What to work on =>
Scan the entries and state how many lines contain "Living". Write no other text.

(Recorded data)
- - - -

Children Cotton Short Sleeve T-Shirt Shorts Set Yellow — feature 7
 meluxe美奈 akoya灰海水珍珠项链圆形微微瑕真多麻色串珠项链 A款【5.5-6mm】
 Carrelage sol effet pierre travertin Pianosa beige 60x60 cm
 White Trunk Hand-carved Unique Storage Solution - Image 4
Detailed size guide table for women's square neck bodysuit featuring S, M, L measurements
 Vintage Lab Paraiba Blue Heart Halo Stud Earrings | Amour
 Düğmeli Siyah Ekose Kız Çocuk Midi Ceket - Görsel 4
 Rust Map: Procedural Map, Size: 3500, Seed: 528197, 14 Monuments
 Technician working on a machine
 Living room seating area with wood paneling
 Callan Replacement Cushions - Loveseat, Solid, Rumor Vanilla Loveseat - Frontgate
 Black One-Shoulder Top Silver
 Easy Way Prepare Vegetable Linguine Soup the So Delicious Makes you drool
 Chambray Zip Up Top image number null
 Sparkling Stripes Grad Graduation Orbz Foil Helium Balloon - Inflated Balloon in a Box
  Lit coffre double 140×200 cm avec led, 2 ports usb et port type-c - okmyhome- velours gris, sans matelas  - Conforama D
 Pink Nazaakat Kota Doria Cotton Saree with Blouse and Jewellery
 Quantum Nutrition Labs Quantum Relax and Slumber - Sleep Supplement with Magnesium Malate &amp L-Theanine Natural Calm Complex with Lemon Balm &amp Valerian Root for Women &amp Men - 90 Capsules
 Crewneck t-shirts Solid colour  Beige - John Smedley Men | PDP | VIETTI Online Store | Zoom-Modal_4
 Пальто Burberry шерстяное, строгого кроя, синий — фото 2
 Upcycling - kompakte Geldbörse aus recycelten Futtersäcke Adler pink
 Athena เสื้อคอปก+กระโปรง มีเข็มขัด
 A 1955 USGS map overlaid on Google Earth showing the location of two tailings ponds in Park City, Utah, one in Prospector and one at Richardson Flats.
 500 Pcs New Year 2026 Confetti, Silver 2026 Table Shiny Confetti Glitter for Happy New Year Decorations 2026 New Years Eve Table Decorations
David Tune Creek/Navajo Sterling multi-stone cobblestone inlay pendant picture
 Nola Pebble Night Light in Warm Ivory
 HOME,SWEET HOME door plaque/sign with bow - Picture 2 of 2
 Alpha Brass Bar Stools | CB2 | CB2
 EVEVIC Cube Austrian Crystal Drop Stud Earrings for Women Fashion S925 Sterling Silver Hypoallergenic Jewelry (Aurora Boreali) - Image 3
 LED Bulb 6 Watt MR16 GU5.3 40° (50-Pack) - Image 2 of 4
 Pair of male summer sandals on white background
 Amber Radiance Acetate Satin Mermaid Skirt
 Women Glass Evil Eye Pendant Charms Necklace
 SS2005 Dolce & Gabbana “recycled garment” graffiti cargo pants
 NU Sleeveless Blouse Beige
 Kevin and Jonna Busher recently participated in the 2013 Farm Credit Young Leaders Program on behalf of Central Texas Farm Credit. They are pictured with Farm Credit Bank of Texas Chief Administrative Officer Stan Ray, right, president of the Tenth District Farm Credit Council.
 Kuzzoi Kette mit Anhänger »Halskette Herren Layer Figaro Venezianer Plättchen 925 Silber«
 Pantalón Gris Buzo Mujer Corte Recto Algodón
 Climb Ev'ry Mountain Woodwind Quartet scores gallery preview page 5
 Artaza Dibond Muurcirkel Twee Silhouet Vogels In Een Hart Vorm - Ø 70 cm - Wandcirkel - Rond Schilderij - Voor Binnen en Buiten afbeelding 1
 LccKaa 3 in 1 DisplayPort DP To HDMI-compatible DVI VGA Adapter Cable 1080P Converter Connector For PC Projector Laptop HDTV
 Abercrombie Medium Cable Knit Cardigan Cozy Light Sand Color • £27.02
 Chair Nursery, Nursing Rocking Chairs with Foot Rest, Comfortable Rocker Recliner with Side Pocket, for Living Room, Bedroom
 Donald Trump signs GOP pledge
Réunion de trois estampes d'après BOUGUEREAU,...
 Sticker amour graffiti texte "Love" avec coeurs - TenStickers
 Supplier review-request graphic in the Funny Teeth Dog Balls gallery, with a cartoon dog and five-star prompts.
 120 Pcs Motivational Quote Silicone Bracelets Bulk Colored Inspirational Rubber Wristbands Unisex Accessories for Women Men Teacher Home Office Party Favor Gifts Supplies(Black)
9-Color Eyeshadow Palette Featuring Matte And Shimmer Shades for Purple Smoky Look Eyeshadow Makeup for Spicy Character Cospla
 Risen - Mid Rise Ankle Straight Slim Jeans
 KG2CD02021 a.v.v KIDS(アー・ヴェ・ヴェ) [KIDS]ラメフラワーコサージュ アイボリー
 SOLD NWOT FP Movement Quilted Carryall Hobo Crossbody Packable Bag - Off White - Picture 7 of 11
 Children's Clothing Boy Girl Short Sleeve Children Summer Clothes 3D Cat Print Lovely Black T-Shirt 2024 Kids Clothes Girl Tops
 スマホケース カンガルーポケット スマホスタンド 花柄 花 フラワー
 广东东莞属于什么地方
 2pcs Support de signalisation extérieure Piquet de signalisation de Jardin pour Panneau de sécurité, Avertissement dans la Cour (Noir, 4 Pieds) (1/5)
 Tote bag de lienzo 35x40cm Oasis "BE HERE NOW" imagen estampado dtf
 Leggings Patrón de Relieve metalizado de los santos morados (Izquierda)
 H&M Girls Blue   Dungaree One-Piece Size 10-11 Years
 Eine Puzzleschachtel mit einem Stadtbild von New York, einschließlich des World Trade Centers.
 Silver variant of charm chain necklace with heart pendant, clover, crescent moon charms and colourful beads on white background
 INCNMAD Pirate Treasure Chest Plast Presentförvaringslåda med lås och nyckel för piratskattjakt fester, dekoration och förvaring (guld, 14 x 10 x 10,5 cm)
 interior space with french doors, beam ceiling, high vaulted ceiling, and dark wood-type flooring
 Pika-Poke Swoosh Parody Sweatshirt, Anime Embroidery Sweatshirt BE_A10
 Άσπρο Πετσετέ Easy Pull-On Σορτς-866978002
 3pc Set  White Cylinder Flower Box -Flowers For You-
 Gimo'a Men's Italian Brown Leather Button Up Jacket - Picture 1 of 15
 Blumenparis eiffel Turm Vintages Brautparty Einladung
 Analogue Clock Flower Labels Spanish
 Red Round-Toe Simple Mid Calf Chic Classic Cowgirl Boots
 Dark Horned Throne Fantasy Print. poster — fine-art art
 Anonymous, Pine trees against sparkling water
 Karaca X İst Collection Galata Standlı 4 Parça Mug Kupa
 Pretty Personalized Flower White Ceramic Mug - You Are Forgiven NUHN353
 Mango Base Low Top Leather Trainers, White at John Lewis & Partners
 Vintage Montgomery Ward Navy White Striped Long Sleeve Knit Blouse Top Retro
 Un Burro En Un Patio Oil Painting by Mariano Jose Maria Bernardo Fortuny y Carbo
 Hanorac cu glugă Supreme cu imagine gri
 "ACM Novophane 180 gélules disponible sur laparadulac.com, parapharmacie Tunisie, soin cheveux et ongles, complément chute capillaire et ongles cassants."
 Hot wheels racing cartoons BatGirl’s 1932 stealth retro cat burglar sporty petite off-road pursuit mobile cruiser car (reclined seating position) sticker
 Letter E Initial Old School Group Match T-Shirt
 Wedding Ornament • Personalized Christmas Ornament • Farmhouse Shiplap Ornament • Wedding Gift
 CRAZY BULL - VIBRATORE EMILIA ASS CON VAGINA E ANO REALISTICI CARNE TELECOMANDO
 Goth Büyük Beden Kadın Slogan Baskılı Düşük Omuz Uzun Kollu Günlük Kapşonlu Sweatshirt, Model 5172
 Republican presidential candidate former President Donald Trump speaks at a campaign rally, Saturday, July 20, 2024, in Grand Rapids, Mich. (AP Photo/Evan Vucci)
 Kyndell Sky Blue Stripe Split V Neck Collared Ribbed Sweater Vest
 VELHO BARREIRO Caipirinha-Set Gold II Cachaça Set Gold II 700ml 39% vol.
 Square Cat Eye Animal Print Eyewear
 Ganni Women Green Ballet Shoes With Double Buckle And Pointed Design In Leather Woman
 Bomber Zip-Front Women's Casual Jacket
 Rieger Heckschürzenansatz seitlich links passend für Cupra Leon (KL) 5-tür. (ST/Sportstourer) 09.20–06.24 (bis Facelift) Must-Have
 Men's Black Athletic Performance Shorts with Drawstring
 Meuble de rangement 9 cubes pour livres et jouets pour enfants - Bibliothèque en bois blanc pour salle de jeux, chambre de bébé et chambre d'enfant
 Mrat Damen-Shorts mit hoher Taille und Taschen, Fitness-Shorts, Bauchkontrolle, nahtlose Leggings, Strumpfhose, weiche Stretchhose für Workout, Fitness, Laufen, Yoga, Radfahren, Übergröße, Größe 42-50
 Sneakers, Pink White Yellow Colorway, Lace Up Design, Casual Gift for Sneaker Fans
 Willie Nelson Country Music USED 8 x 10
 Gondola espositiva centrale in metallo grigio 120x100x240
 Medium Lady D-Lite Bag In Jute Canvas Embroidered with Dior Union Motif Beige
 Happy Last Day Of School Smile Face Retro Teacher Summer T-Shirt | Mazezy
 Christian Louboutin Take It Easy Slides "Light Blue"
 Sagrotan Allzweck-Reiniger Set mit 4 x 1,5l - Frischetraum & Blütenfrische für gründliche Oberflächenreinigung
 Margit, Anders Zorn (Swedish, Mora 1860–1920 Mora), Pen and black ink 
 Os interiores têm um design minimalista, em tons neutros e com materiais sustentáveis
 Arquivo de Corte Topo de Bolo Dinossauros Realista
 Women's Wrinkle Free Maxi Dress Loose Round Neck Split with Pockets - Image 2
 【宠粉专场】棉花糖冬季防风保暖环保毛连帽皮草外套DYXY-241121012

- - - -

Exercise answer =>
2